People v. Reynolds
In People v Reynolds, 672 P2d 529 (Colo, 1983), at approximately 3:00 a.m., police responded to an emergency call about a shooting and were admitted into the defendant's house by the victim's daughter. Id. at 531. The police found the victim's body in a locked bedroom and promptly placed the defendant under arrest. Id.
Other officers soon arrived and, during a warrantless security sweep of the house, they saw in plain view an empty liquor bottle, several handwritten notes and a revolver. Id. At 4:30 a.m., crime lab investigators entered the house without a warrant, seized the plain view evidence and took photographs and measurements of the murder scene. Id. The investigators then conducted a thorough search of the home after obtaining a search warrant at 7:00 a.m. Id.
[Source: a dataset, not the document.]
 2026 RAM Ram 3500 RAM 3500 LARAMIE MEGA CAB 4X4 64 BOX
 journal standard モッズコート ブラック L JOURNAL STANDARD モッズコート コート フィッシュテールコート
On appeal, the district attorney claimed that the trial court improperly suppressed the photographs and diagrams made by the crime lab investigators. Reynolds, supra, 672 P2d 531. The Colorado Supreme Court concluded that the first officers entered the home legitimately pursuant to both the exigent circumstances exception and the consent doctrine. Id. at 531-532.
The Court further held that the officers discovered the seized evidence in plain view while legitimately inside the house. Id. at 532.
Furthermore, the Court held that police did not violate the Fourth Amendment by failing to obtain a warrant before photographing and diagramming the scene because they were merely documenting what officers lawfully saw in plain view as part of a continuing police investigation. Id. at 533.